Aulnay-sous-Bois 1953

Tekst Rob Hoen

Kijk- en leestijd ca. 10 minuten

Aulnay-sous-Bois is een gemeente in het Franse departement (93) Seine-Saint-Denis, regio Île-de-France. Het is een voorstad van Parijs en telt nu bijna 90.000 inwoners. De ansichtkaart is begin jaren vijftig gemaakt, vlak voor de welvaartsexplosie. Dan behoort de stad nog niet tot de Parijse agglomeratie en wonen er beduidend minder mensen. Klik hier om een reproductie op groot formaat te bestellen. De reproducties zijn van superieure kwaliteit, verkrijgbaar als print in A1- (841 x 594mm), A2-formaat (594 x 420mm) en A0 (1189 x 841mm).

De foto is gemaakt vanaf Rue Jacques Duclos met een zicht op de Place de l’Église. Dit is een best wel sombere ansichtkaart. Op de foto staat een Traction Avant. Hij is een indrukwekkende verschijning in het straatbeeld. Over de kerk van Saint-Sulpice in Aulnay-sous-Bois valt niets bijzonders te vertellen. Hij is gewijd aan Sulpucius de Vrome. De foto is gemaakt om kwart voor vijf, tenminste dat geeft het uurwerk op de kerktoren aan.
De borne of richtingbord van Michelin verwijst naar rechts over de Avenue Anatole France naar Meaux, 29 kilometer ten oosten van Aulnay-sous-Bois. Ook geeft het bord richting naar het vijf kilometer zuidelijk gelegen Livry-Gargan. De betonnen borne staat er niet meer. Dat geldt ook voor de boom die voor de kerk staat. Daarentegen is de boom rechts intussen een reus geworden. Het vreemde gebouw links voor de kerk is ook weg.
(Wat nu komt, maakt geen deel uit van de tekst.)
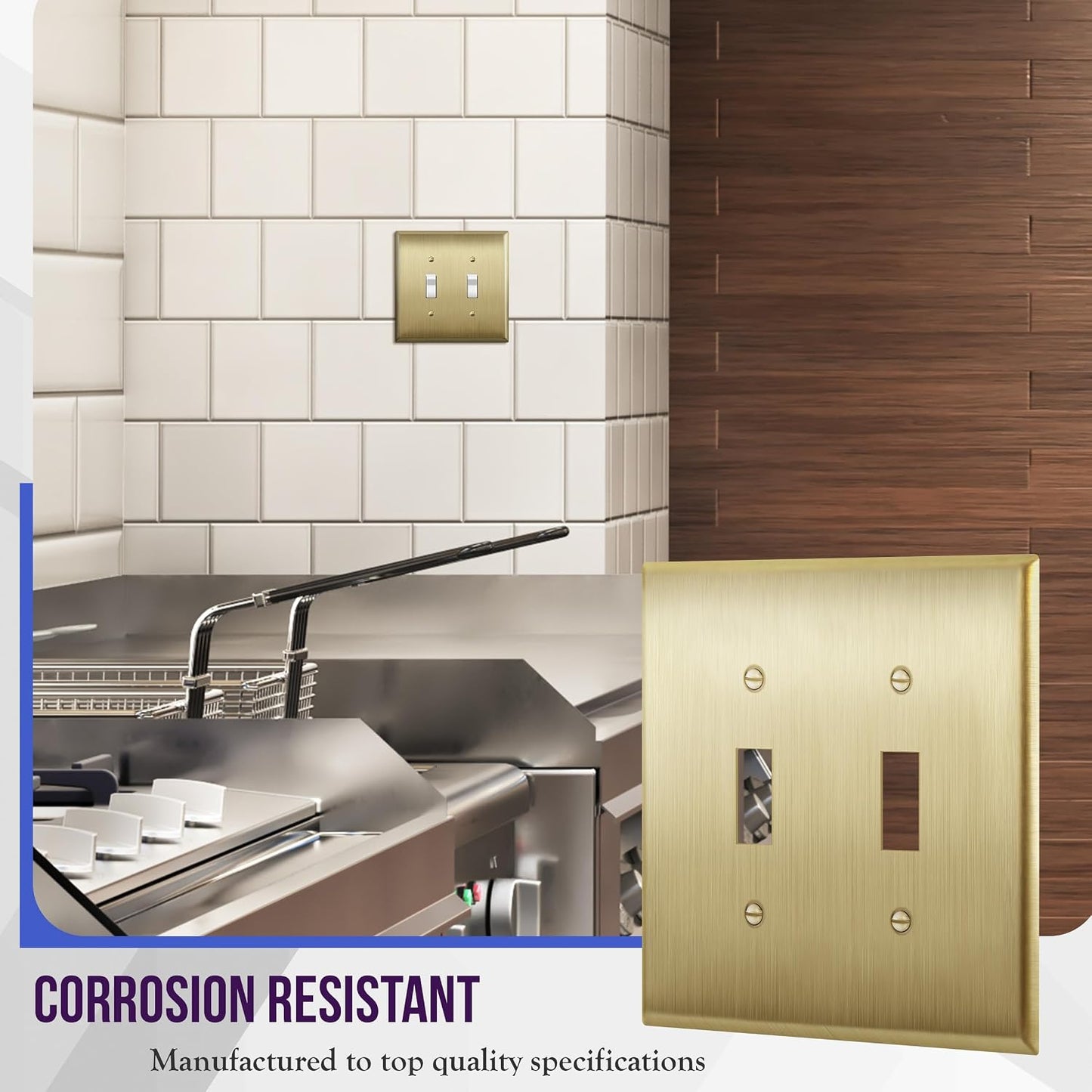 ENERLITES Double Toggle Light Switch Metal Cover Plate, Stainless Steel Wall Plate, Corrosion Resistant, Standard Size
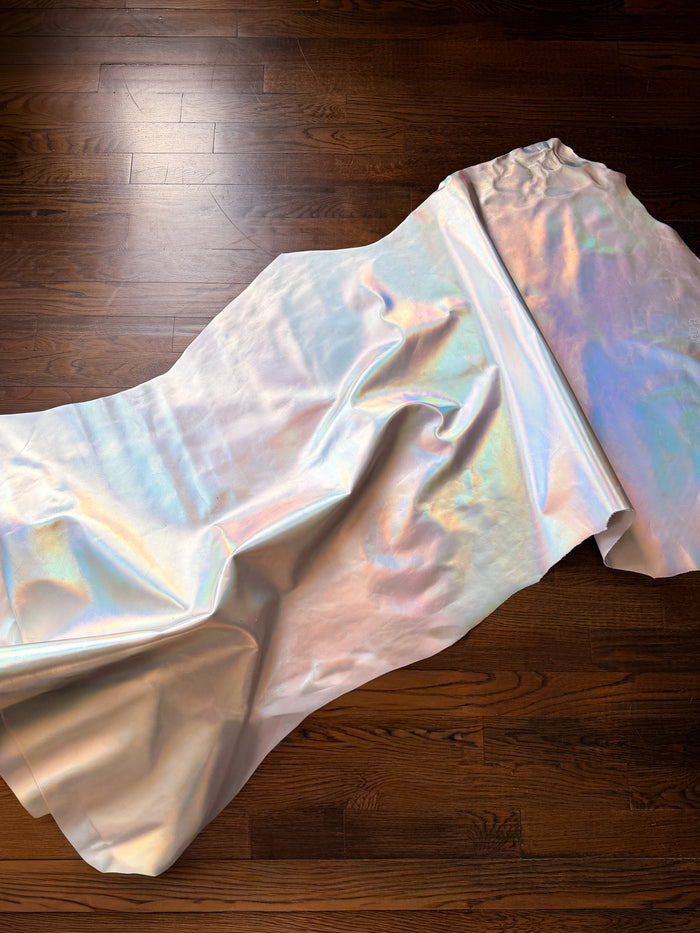 Silver Iridescent Metallic Cowhide close view showing grain and texture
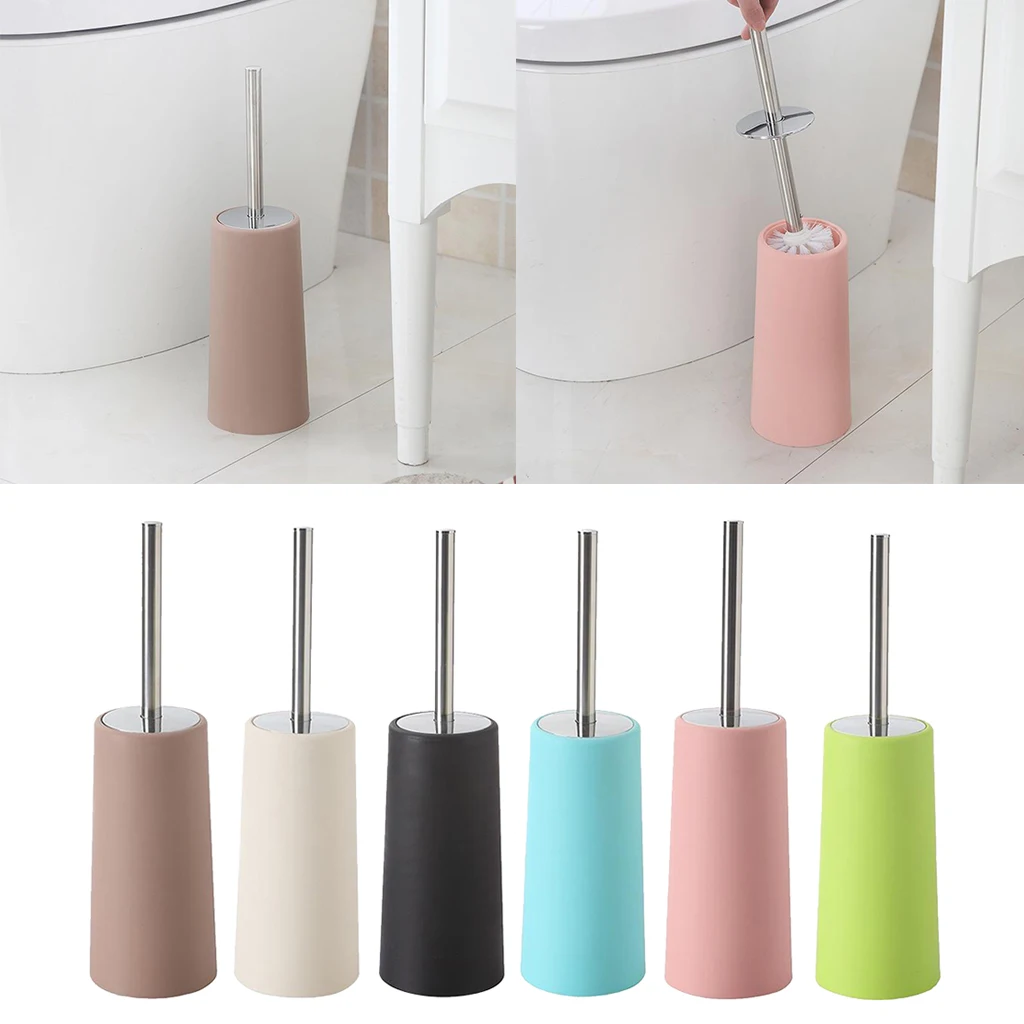 Plastic Cleaner Scrubber Toilet Bowl Brush Holder with Long Handle Lid Bathroom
Er staat een merkwaardige houten constructie op. De weg naar links is nu gesloten voor auto’s. De Place de l’Église is nu voetgangerszone. Het is hier nog het tijdperk van paard-en-wagen. Het is de sobere periode van de naoorlogse wederopbouw in Frankrijk. Op de achtergrond staat een Renault Monaquatre met een queue de pie (eksterstaart). Dit model Renault is in deze carrosserievorm alleen in 1935 gebouwd. Deze auto is ten tijde van de ansichtkaart dus al een youngtimer.
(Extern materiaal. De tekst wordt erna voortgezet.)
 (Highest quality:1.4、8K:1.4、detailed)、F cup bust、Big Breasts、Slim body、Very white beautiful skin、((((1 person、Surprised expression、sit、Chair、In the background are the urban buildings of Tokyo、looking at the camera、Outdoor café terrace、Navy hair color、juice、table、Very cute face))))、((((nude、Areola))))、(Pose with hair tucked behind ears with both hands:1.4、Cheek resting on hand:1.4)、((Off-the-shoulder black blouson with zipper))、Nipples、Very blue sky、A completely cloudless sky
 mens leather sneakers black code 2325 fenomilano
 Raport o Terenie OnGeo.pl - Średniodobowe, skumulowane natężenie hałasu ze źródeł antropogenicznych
Het is het tijdperk van de economische reconstructie en herstructurering van de Franse auto-industrie, bekend geworden onder de naam Plan Pons. Dit illustreert ook de soberheid van het straatbeeld van Aulnay-sous-Bois. De naam verwijst naar de Franse ingenieur Paul-Marie Pons. Want tijdens de Tweede Wereldoorlog staat ook de Franse economie in het teken van de oorlogsindustrie. De Franse auto-industrie levert – met Louis Renault voorop – aan de Duitse oorlogsmachine. De ontwikkeling van de personenauto’s staat stil. Citroën heeft zelfs de prototypes van de Citroën 2CV verstopt in de buurt van Parijs voor de Duitsers.
Het Plan Pons dateert uit 1946 en is een variant op de planeconomie die we kennen van de Sovjet-Unie. De overheid schrijft voor wie wat mag produceren. Er is een gebrek aan grondstoffen. Citroën mag van de overheid met de Traction Avant de duurdere auto’s bouwen, Renault en Peugeot krijgen het middensegment toegewezen en tenslotte mag Simca en Panhard de goedkoopste auto’s bouwen. Renault is na de oorlog genationaliseerd en heeft sowieso geen eigen regie meer. Eenvoud en soberheid is troef, want staal staat op de bon. De overheid bepaald voortaan wie wat krijgt en wat zij daarmee mogen maken.
In die vroege naoorlogse periode komt de Renault 4CV op de markt, de eerste auto van de genationaliseerde Régie Nationale des Usines Renault. Het is de populairste Franse wagen van net na de oorlog. De auto wordt het symbool van de Franse industriële heropleving. Het concept is bedacht terwijl het rijk van Louis Renault onder de voogdij van de bezetter valt en de studie van en het onderzoek naar nieuwe auto’s verboden is. Niettemin wisselen twee ingenieurs van Renault, Fernand Picard en Edmond Serre, vanaf 1940 hun ideeën uit over hoe de auto er na de oorlog uit moet komen te zien: hij zal klein en zuinig zijn en naar het voorbeeld van de Volkswagen Kever komt de motor achterin. Hieronder wordt er eentje volgetankt met Azur-benzine in Aulnoye-Aymeries.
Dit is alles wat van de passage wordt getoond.